Another world down there, I thought. A black one I never want to see.

“You were all part of it!” the flabby, green-faced creature shrieked at Leah. “You were all part of it or you would have come with me! You would have been my queen!”

More of Flight Killer’s tentacles seized her—legs, waist, once more around the neck—and dragged her forward. Something was coming out of the well, an oily black substance stippled with long white thorns. It hit the floor with a wet slap. It was a wing.

“I AM the queen!” Leah cried. “You aren’t my brother! He was kind! You’re an assassin and a pretender! You are an imposter!”

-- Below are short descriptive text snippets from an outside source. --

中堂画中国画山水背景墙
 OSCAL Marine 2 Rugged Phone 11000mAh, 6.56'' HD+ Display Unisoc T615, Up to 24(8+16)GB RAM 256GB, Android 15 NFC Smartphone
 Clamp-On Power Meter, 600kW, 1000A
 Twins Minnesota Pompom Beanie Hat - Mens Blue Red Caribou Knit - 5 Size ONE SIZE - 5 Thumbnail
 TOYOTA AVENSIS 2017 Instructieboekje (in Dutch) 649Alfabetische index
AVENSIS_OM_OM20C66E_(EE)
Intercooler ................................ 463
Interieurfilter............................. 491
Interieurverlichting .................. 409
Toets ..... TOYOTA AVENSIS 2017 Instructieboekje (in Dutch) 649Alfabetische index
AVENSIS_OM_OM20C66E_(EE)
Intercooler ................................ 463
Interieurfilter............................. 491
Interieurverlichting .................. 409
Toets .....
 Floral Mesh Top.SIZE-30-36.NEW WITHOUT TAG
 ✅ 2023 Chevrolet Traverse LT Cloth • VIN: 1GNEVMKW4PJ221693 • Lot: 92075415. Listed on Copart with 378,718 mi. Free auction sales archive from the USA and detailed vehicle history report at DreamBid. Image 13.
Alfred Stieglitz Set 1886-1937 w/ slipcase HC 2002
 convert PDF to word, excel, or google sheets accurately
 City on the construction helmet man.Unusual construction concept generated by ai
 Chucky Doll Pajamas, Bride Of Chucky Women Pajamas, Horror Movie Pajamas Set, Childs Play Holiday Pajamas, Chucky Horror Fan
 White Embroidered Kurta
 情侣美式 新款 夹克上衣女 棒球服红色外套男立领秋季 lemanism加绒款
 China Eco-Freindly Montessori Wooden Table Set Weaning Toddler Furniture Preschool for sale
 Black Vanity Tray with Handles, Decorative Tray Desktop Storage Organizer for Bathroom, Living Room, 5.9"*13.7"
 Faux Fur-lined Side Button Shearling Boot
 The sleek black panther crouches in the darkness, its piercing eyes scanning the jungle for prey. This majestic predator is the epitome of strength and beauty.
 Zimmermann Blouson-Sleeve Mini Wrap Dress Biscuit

She plunged the dagger, still dripping with her blood, into her brother’s eye. The tentacles fell away from her. He staggered back. The wing rose and gave a flap that sent a nauseating gust of air into my face. It wrapped around Elden. The thorns impaled him. He was dragged to the lip of the well. He gave a final shriek before the thing plunged its hooked thorns into his chest and dragged him in.

But having its puppet wasn’t enough to satisfy it. A bubble of alien flesh rose from the well. Huge golden eyes stared at us from what was otherwise no face at all. There was a scraping, grinding sound, and a second thorn-covered wing emerged. It gave an exploratory flap and another gust of putrescent air struck me.